By Omar Bah
The Food and Agriculture Organisation, the Global Environment Facility, in collaboration with the Ministry of Agriculture, recently concluded an inception workshop for adapting agriculture to climate change at a local hotel in Senegambia.
The project is funded by GEF at the tune of US$6.3 million (equivalent to D277 million).
In her opening statement, the FAO Country Representative Perpetua Katepa Kalala, said Adapting Agriculture to Climate Change Project seeks to strengthen Government’s efforts towards better responding to the climate risks, promote adaptation measures at the local level to reduce economic losses and diversify and strengthen livelihoods.
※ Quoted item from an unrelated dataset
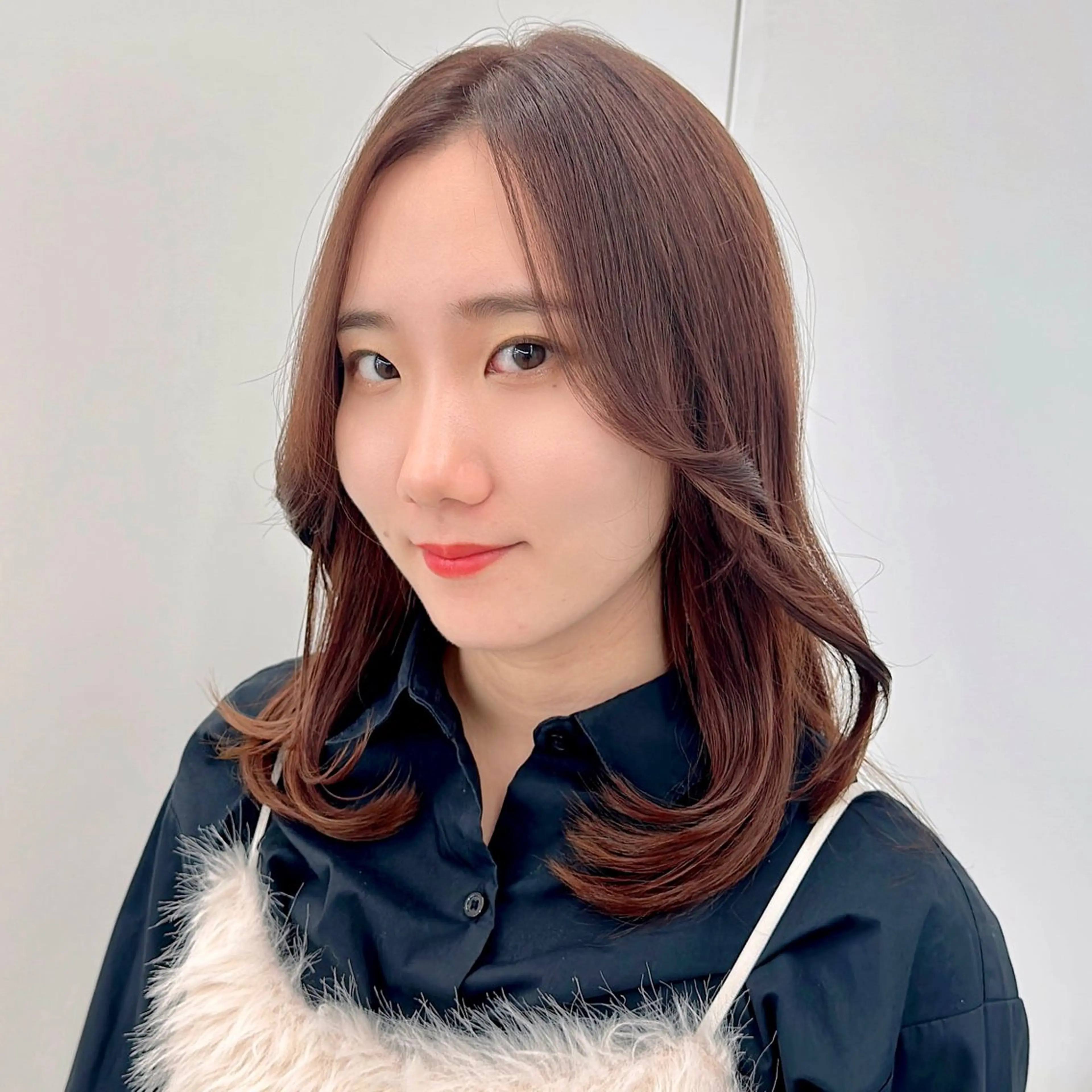 ミディアム カラー カット ヘアカラー トリートメント ブリーチなし/レイヤ ー特化🌈Tommyのヘアスタイル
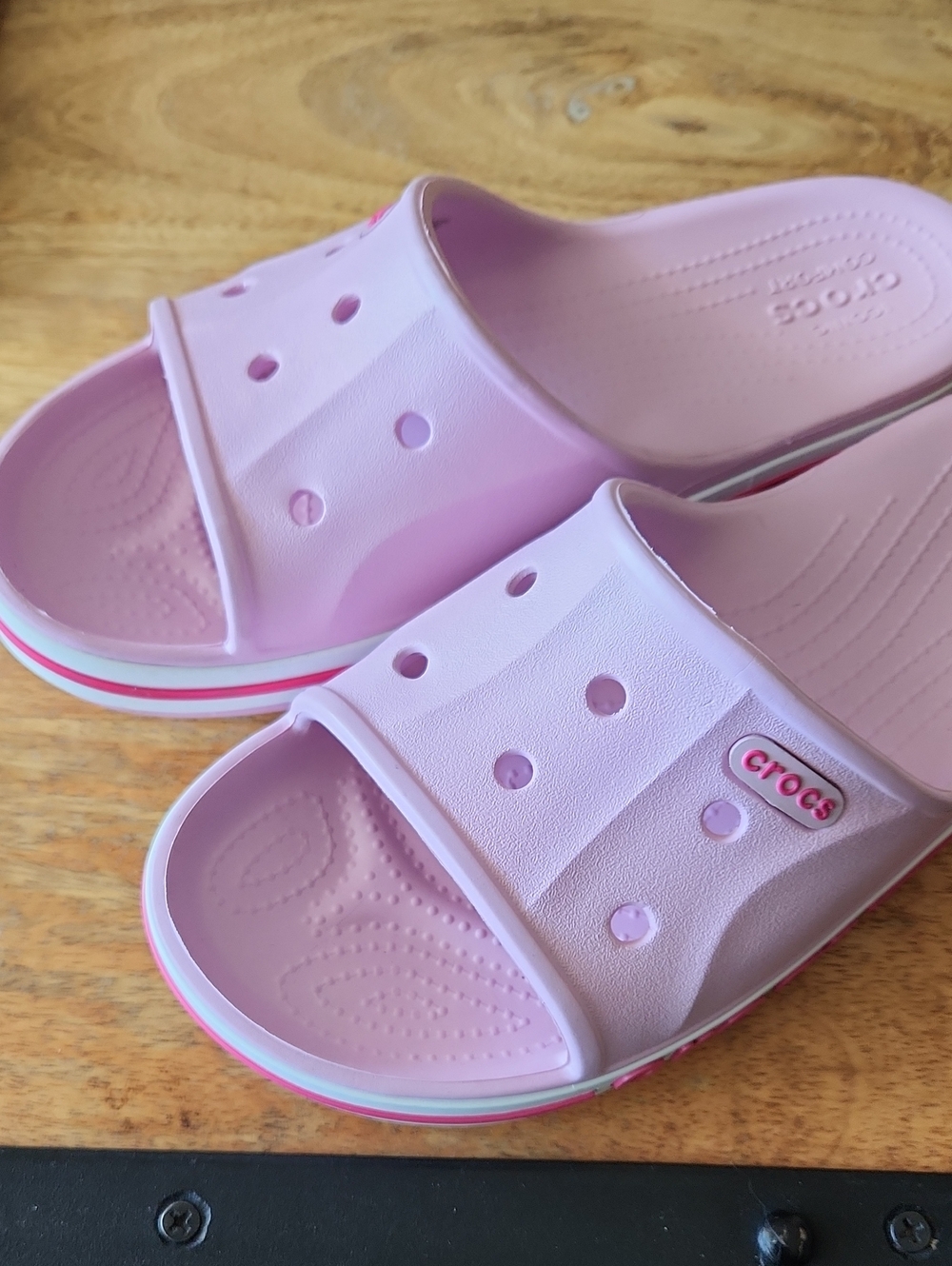 CROCS Pink Slide Sandals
She said the project aims to reduce climate change risks and vulnerabilities in a cost-efficient way to deliver adaptation benefits and that the project will follow the results based management and programmatic approach of GEF/LDCF in addressing climate change adaptation on the ground.
The FAO representative stated that the project is funded in the sum of USD6, 288,356.00, and will be implemented over a four-year period in ten districts covering three administrative regions.
She said the project will be intervening in the following regions and districts: North Band Region namely- Upper Niumi, Jokadu, Lower Baddibou, Central Baddibou and Sabach Sanjal.
Three districts in Central River Region – Upper Saloum, Niani, and Sami and two districts in Upper River region north – Wuli and Sandu.
The FAO Country rep further stated that these are some of the areas where adverse climate event is highly endemic compared to other regions in the country.
She said the project is estimated to benefit 2,500 farm households or 20,000 farmers through community gardens, 250 households or 2000 farmers with knowledge on value addition, 50 households or 400 farmers with honey production and 30 poultry producer associations of which 70% are women beneficiaries.
The FAO rep. further stressed that the project will support the National Agricultural Research Institute (NARI) to conduct research activities, to release and distribute drought tolerant crop varieties of findi, cassava, sweet potato among others benefitting 1,500 households or 12,000 farmers.
“Livestock is another very important component and is equally dear to the FAO and occupies center stage in our programs and activities. In that case, the project will establish 10 deferred grazing areas. One in each intervention district, reseed with multi-purpose grass/legume species” she stated.
She said the project will establish 10 intensive feed gardens, with one in each district, as well as 6 livestock watering points in the 3 regions.
“Our livestock particularly during the dry season in some instances, trek more than five (5) kilometers daily to get to fresh water points, the toll of which on their health and security is high leading perhaps to poor production of both meat and milk,” she said.
Meanwhile, the Minister of Environment, Climate Change and Natural Resources Lamin B. Dibba, said the unregulated and non-sustainable use of the natural resource base, has negatively impacted on the natural wealth of the country.